» **Activity**
The lines to repeat are those below from the one containing "Invitación Navidades de Woodland Bear" down to the one containing "Camisa masculina Gant", both included; reproduce them exactly and nothing else.

» **Data records**
-------------------------

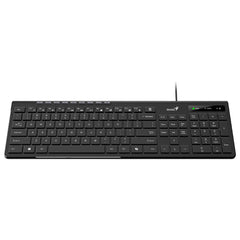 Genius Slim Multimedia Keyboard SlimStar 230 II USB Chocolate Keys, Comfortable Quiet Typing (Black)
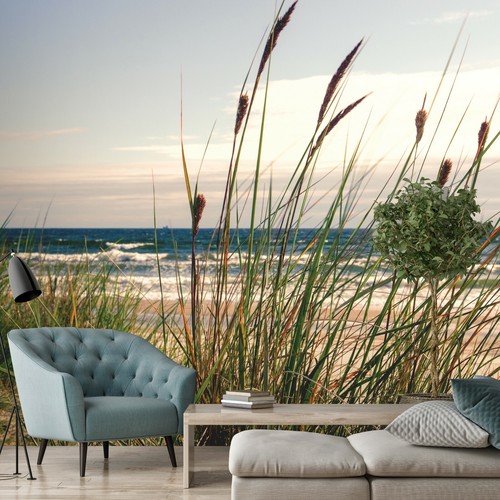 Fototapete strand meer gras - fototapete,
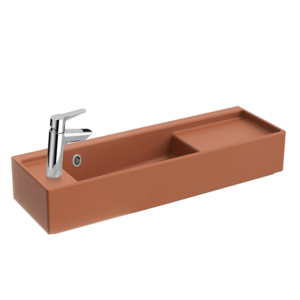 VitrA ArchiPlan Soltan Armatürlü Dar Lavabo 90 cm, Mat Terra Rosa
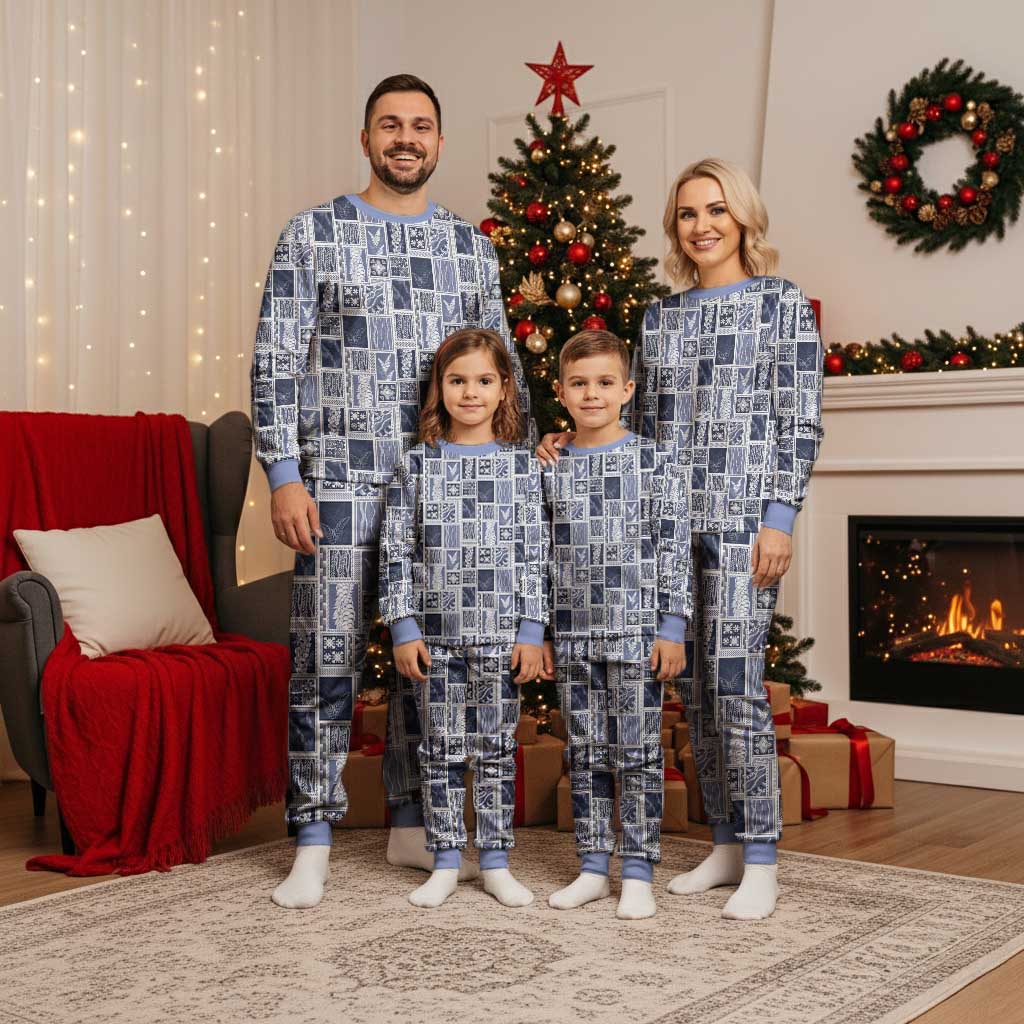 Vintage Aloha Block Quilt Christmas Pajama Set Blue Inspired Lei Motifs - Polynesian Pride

-------------------------

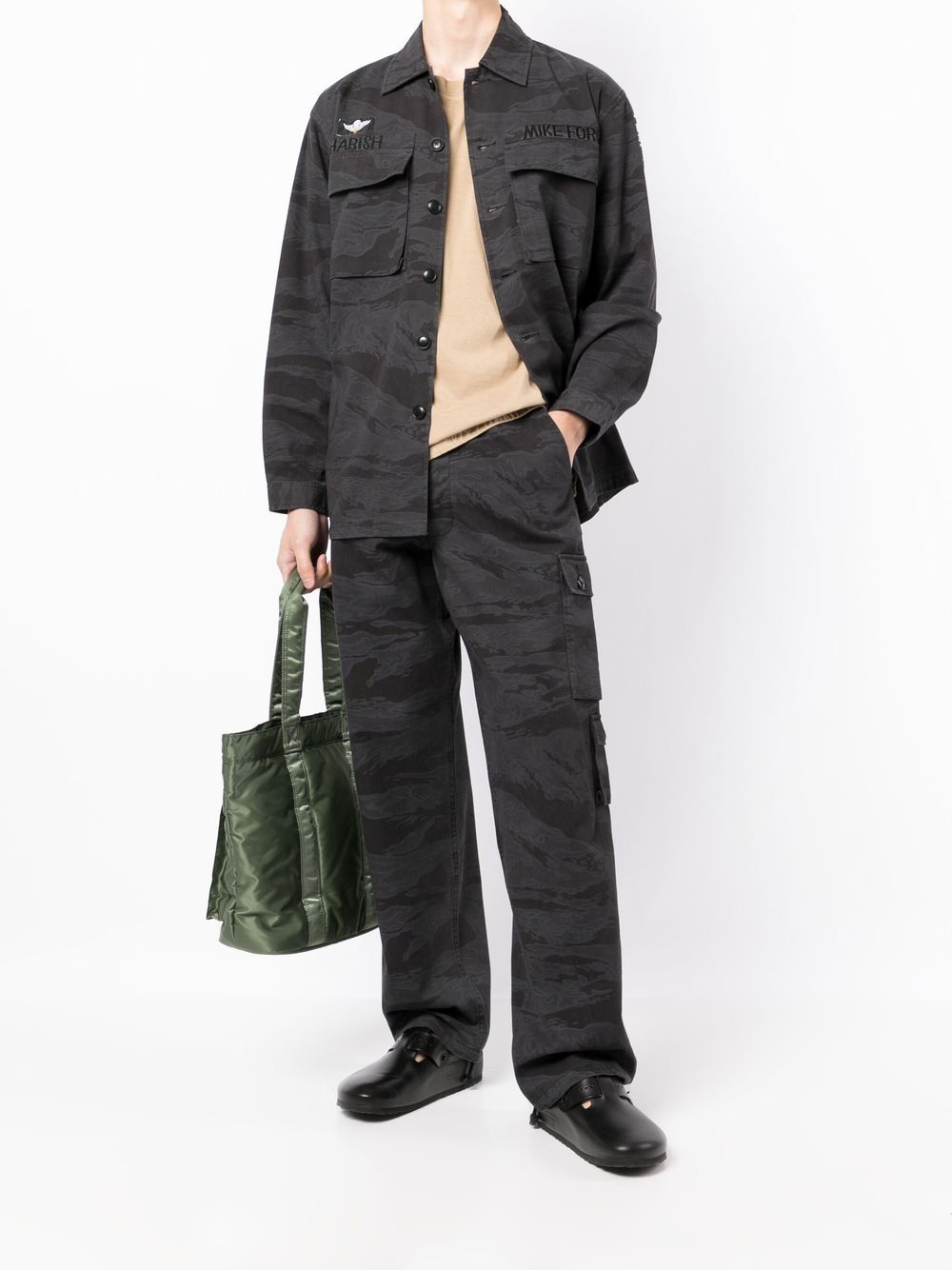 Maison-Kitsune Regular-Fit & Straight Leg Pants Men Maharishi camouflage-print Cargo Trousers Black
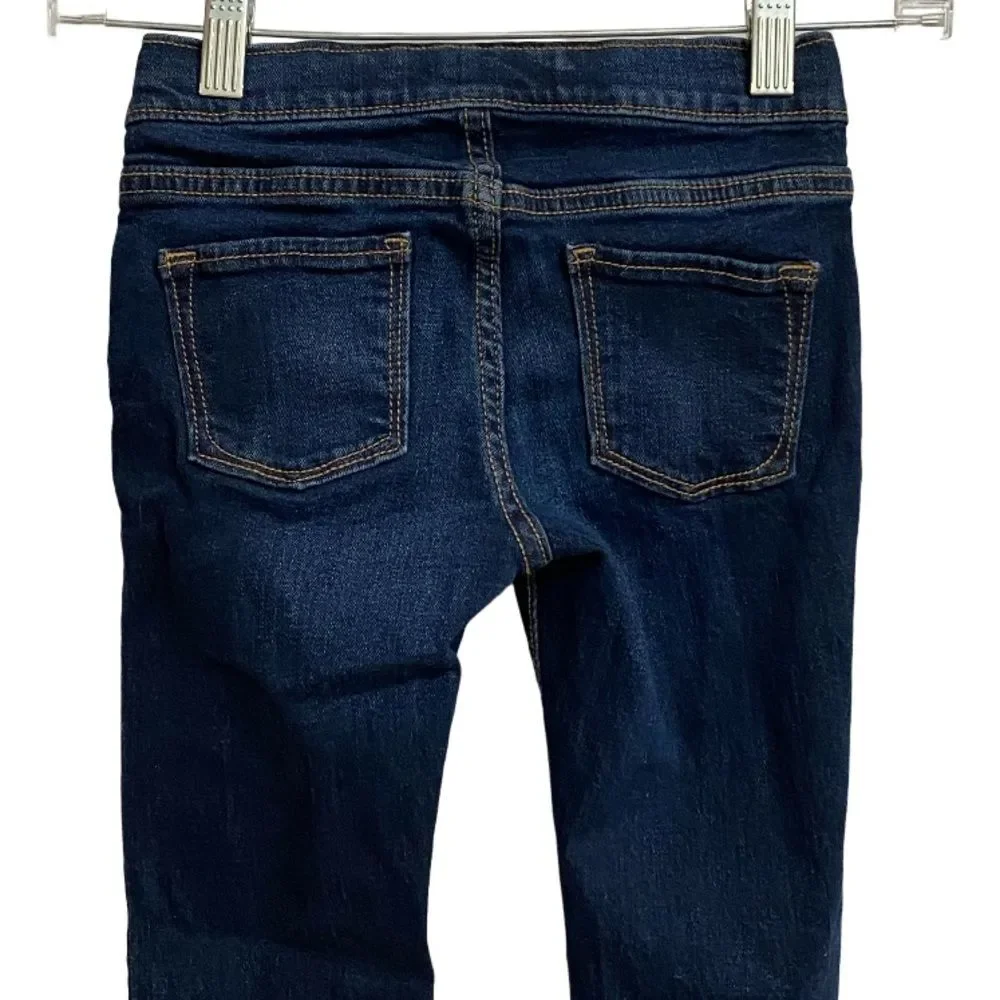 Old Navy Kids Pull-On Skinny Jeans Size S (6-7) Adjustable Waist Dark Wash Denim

-------------------------

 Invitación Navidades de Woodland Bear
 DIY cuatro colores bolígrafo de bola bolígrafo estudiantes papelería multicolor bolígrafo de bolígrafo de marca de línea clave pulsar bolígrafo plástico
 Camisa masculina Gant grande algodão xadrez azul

-------------------------

» **Response area**
 Invitación Navidades de Woodland Bear
 DIY cuatro colores bolígrafo de bola bolígrafo estudiantes papelería multicolor bolígrafo de bolígrafo de marca de línea clave pulsar bolígrafo plástico
 Camisa masculina Gant grande algodão xadrez azul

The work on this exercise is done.